Tahun 2021 menjadi kali pertama Sritex digugat. mengutip Sistem Informasi Penelusuran Perkara Pengadilan, kala itu CV Prima Karya menggugat Sritex untuk pelunasan utang. Tahun berikutnya, Sritex juga melakukan perjanjian homologasi pembayaran utang dengan PT Indo Bharat Rayon.

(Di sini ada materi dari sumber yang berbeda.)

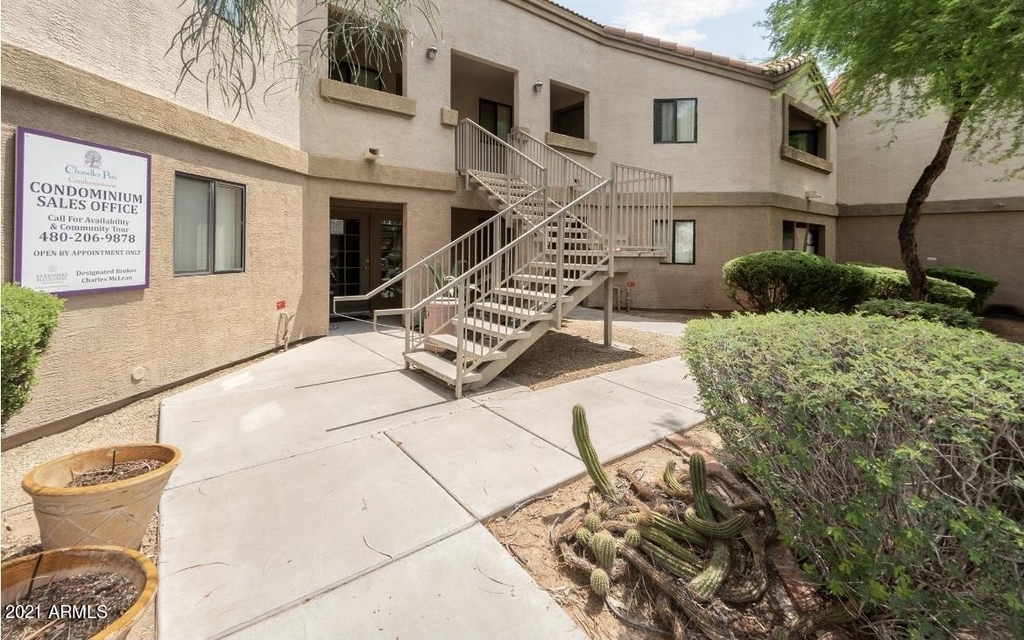 1287 N Alma School Road - Photo 1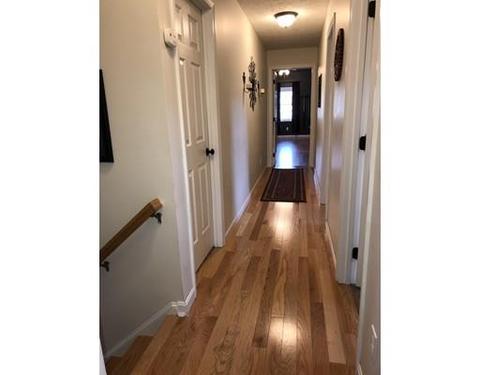 21 Mohawk Dr, Gardner, MA 01440 photo 11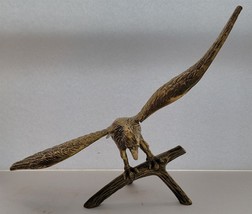 Vintage Solid Antiqued Brass Soaring Eagle Figure Figurine Great Patina - £22.94 GBP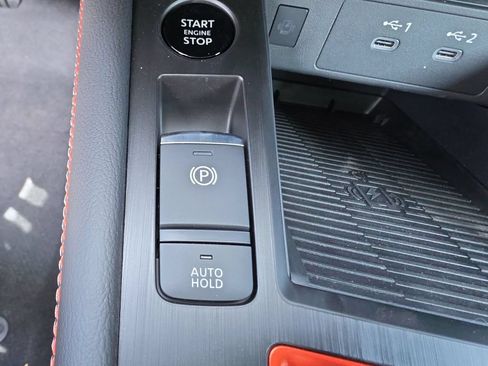 New 2026 Nissan Kicks SR w/ SR Premium Package FWD image 36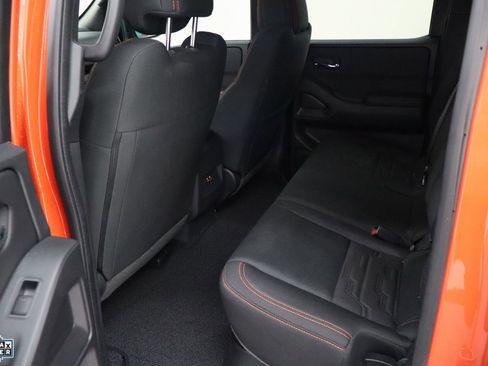 Used 2025 Nissan Frontier PRO-4X w/ Black Accent Package image 22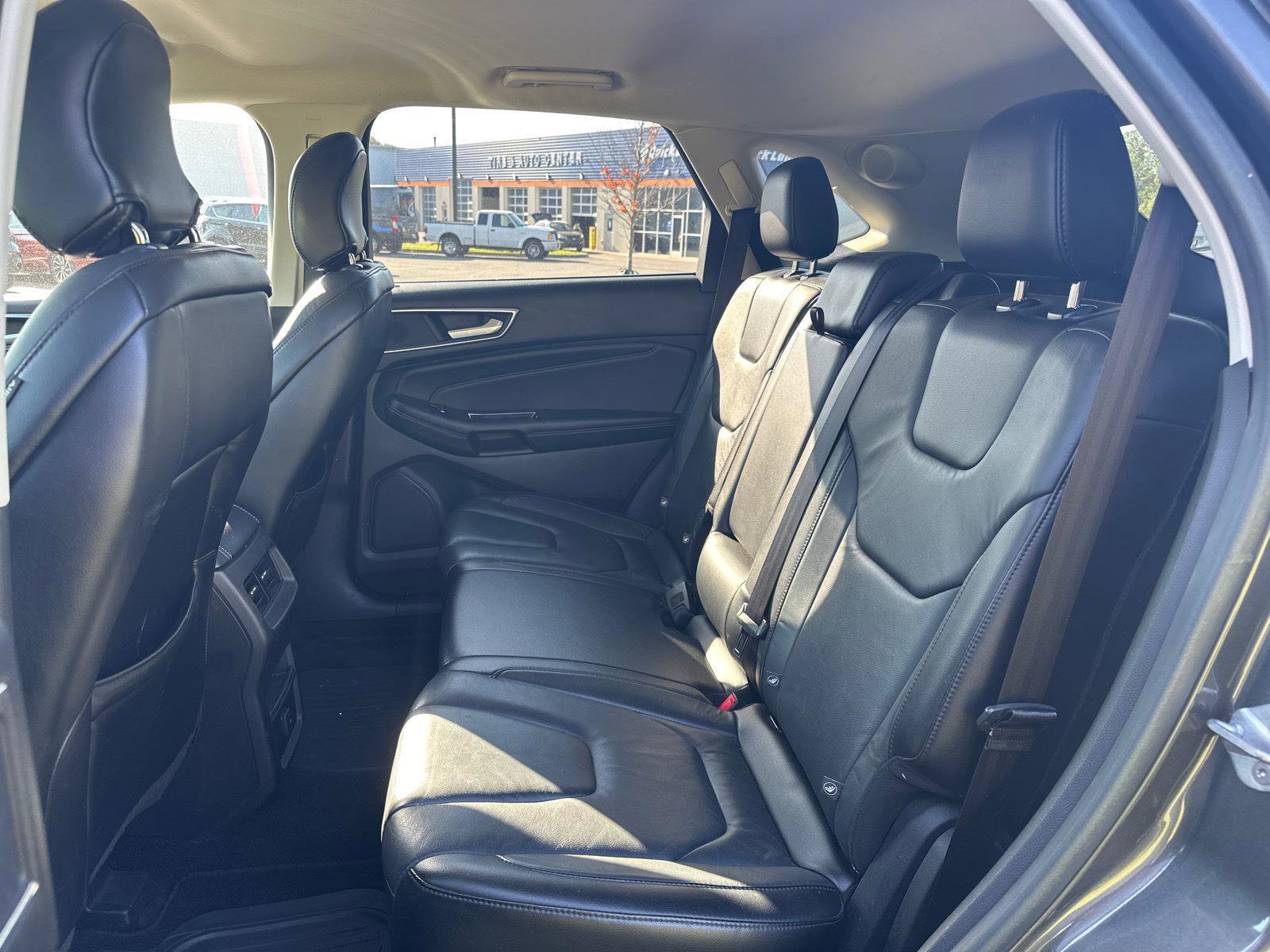 Used 2016 Ford Edge Titanium AWD/4WD image 7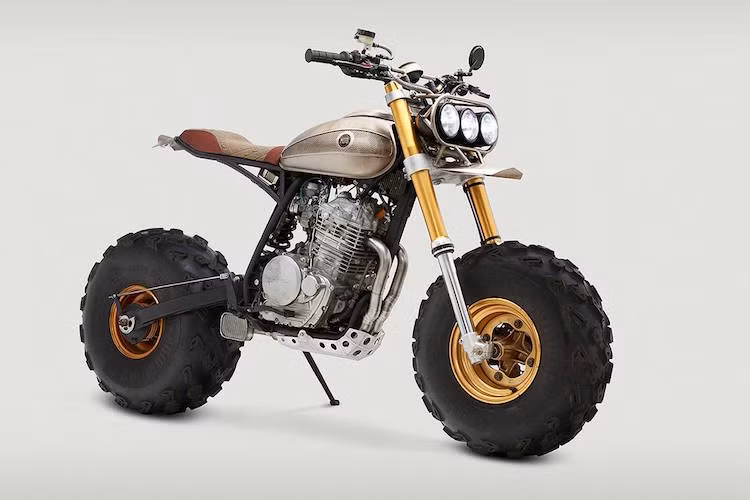 Bản độ Honda XR650L "bánh béo" cực độc này giống như một lời khẳng định của các tay thợ từ Classified Moto, khi họ đã chán phải nghe những "anh hùng bàn phím" phàn nàn về những lỗi nhỏ nhất trên các tác phẩm của xưởng. Chính vì vậy, họ đã tạo ra một chiếc xe thật "điên", khiến những kẻ "rỗi việc" này tha hồ chê bai.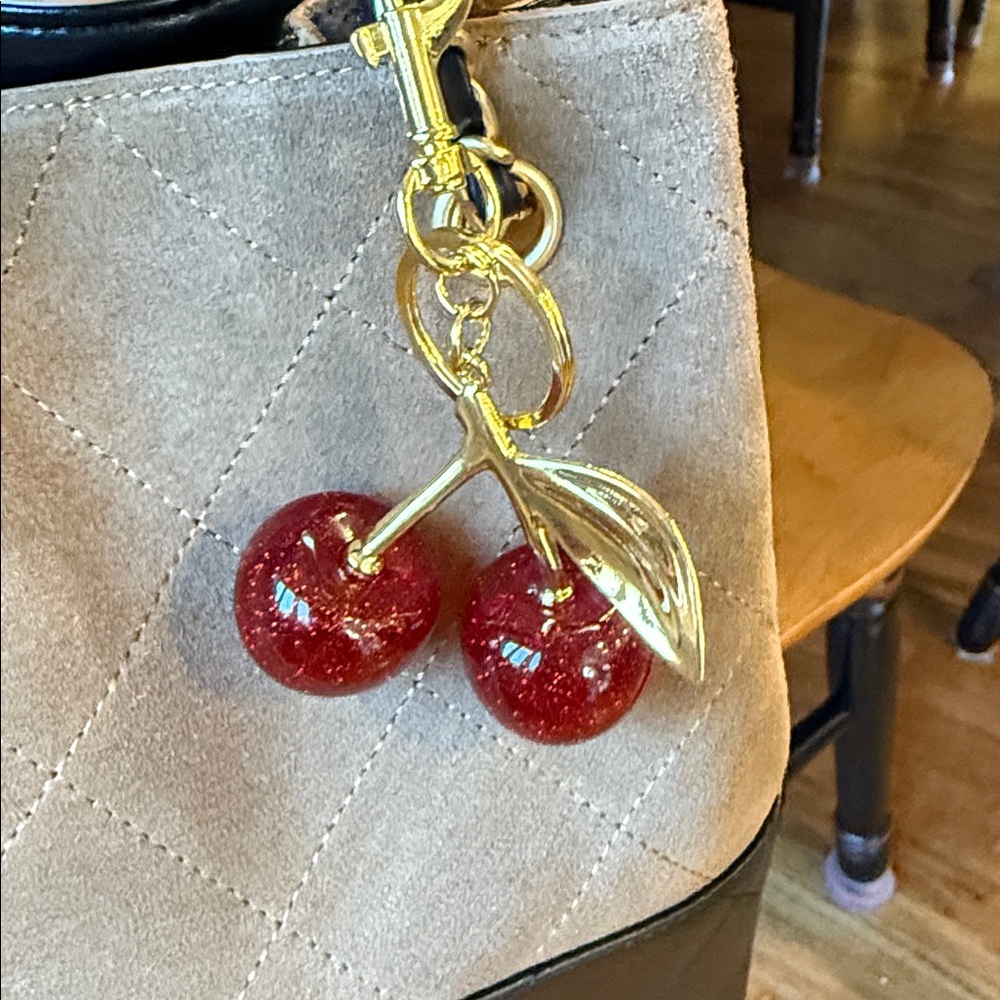 Cherry red bag charm - Picture 3 of 3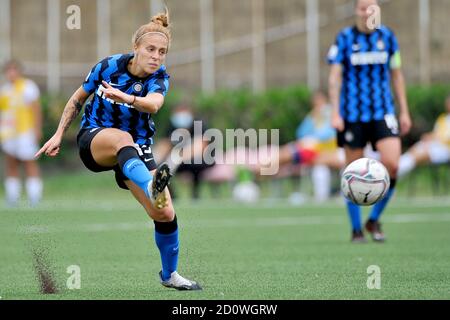 Neapel, Italien. Oktober 2020. Beatrice Merlo Inter Spieler, während der Spiele der italienischen Serie A Frauen Fußball-Meisterschaft zwischen Napoli vs Inter, Endergebnis 1-1, Spiel im Caduti Di Brema Stadion in Neapel, Italien, 03 Oktober, 2020 gespielt. (Foto von Vincenzo Izzo/Sipa USA) Quelle: SIPA USA/Alamy Live News Stockfoto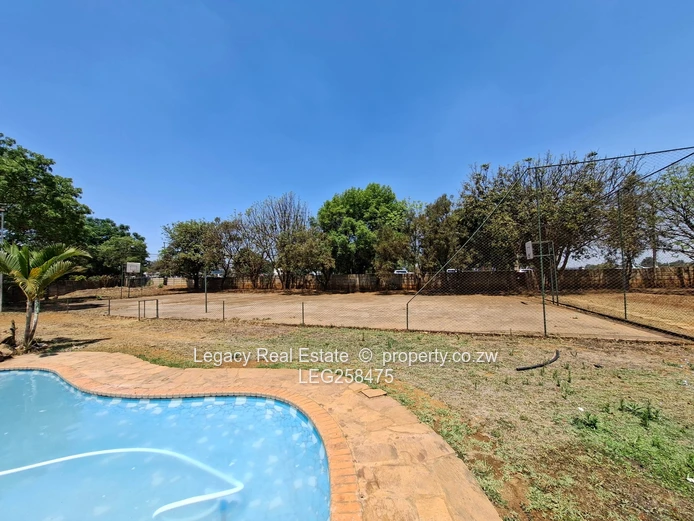 Spacious house to let  (Sole Mandate)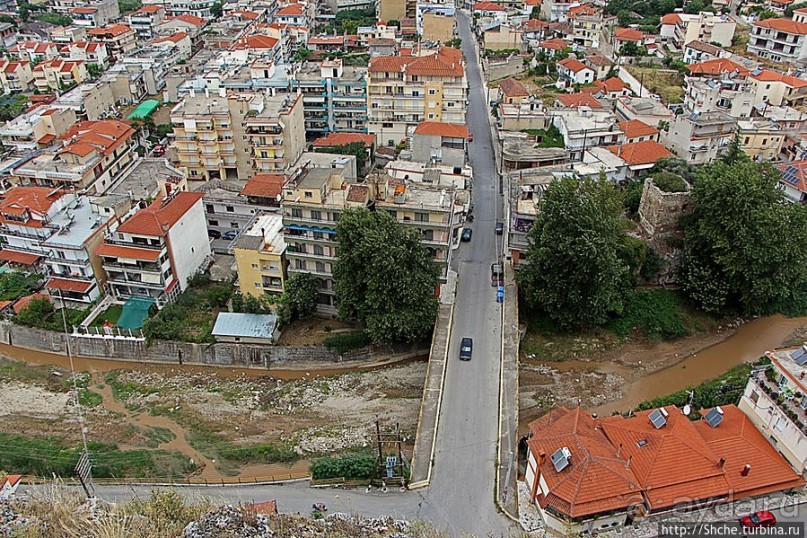 Сидирокастро и его "причудливый мост". Взгляд со скалы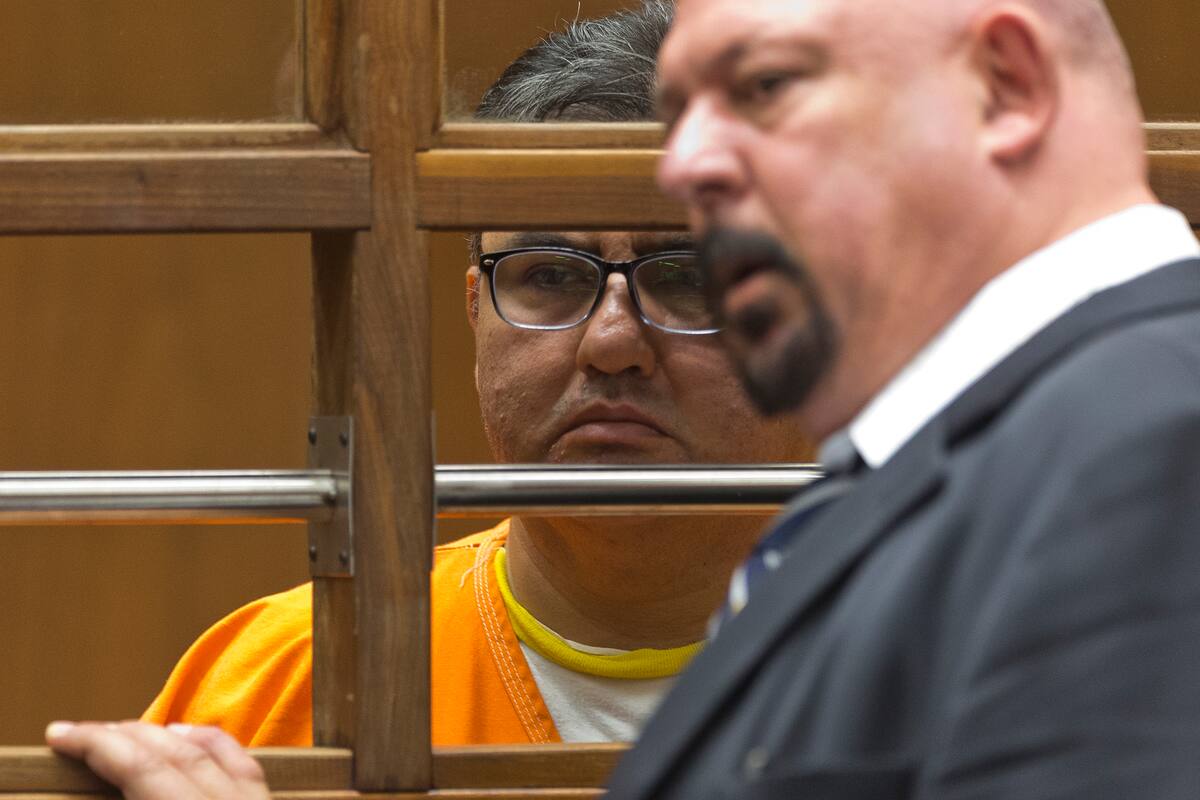 Presentan video sexual de Naasón con menor ante Corte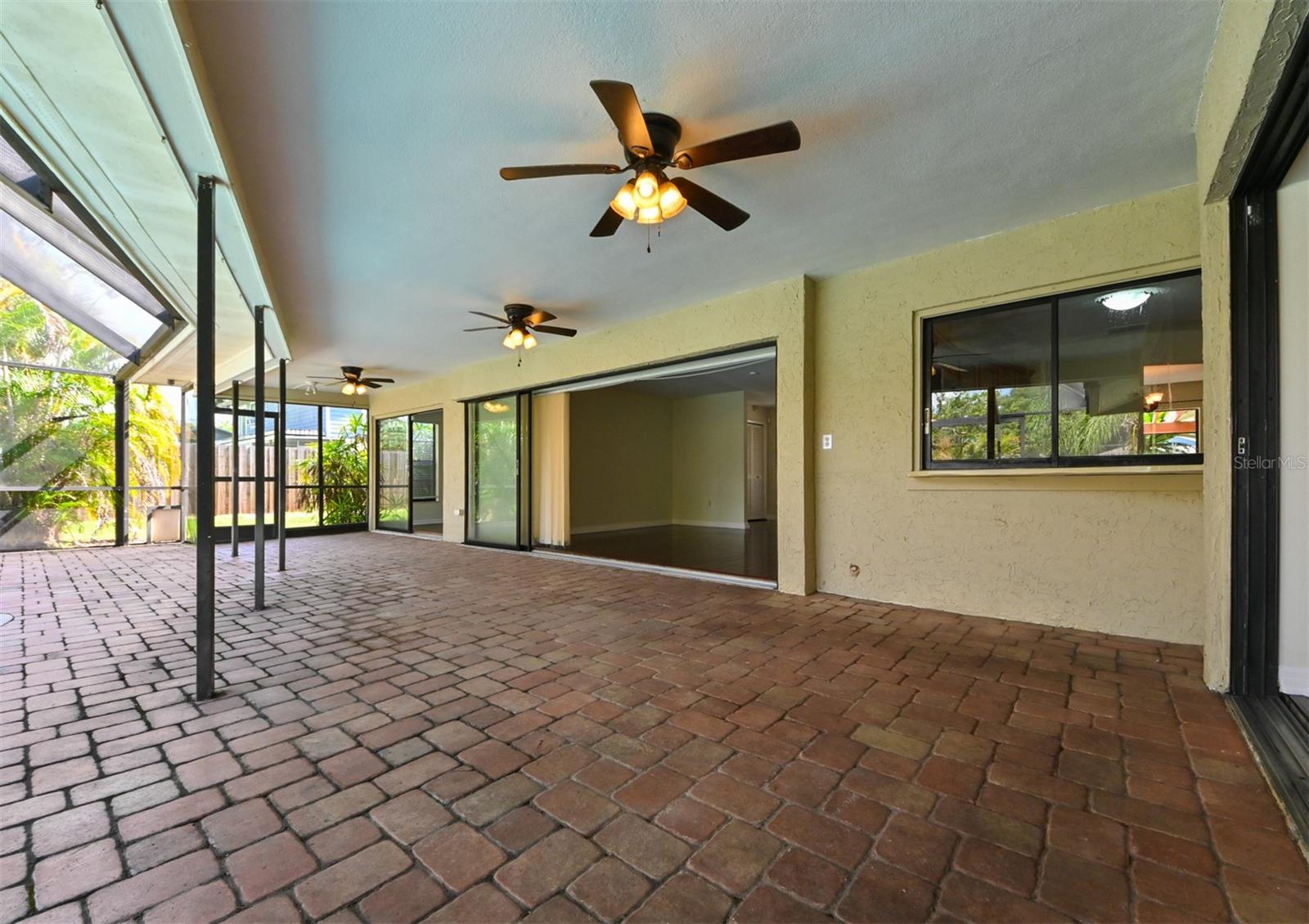Image 27 of 40 For 10415 Oakbrook Drive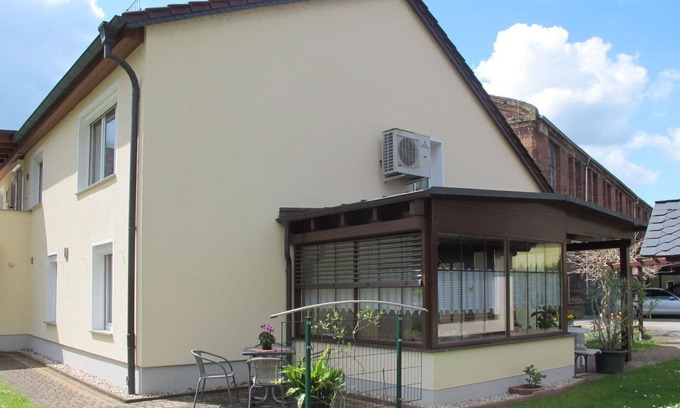 Eilenburg Apartment | Cozy Apartment for 3 with Patio, Pets Welcome & WIFI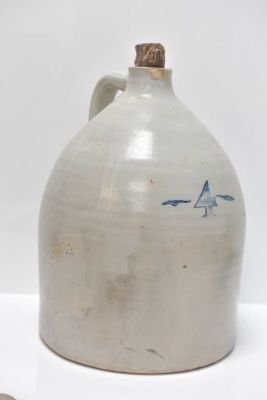 4 Gallon Antique Blue Decorated Stoneware Crock. This 4 gallon antique crock or jug is in fair 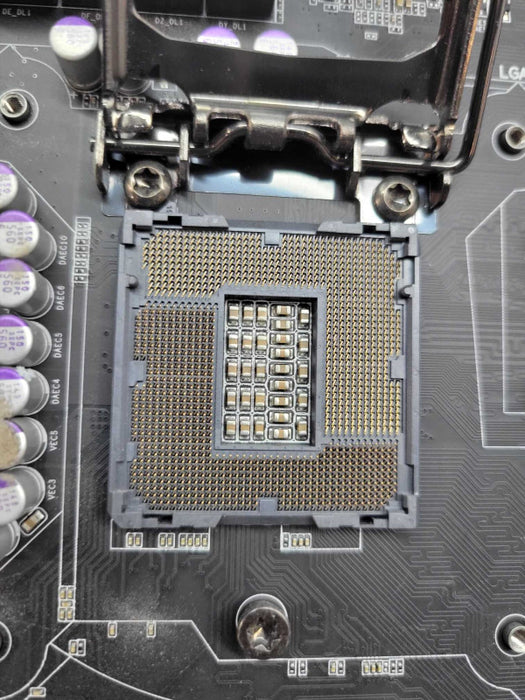 Gigabyte GA-Z77X-UD3H LGA1155 ATX Motherboard %
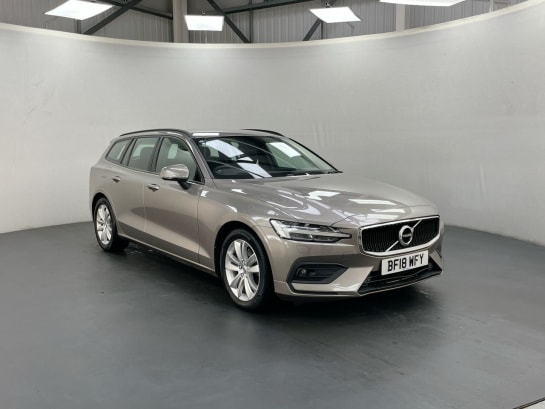 A null VOLVO V60 2.0 D4 MOMENTUM PRO 5d AUTO 188 BHP [CD PLAYER. PARKING CAMERA]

Pada 2023, Anak keempat H.M Lukminto, Iwan Kurniawan menjadi Dirut Sritex menggantikan Iwan Setiawan. Tetapi pada September 2024, Indo Bharat Rayon mengajukan pembatalan perjanjian homologasi karena Sritex karena dinilai lalai membayar utang dan menggugat Sritex pailit.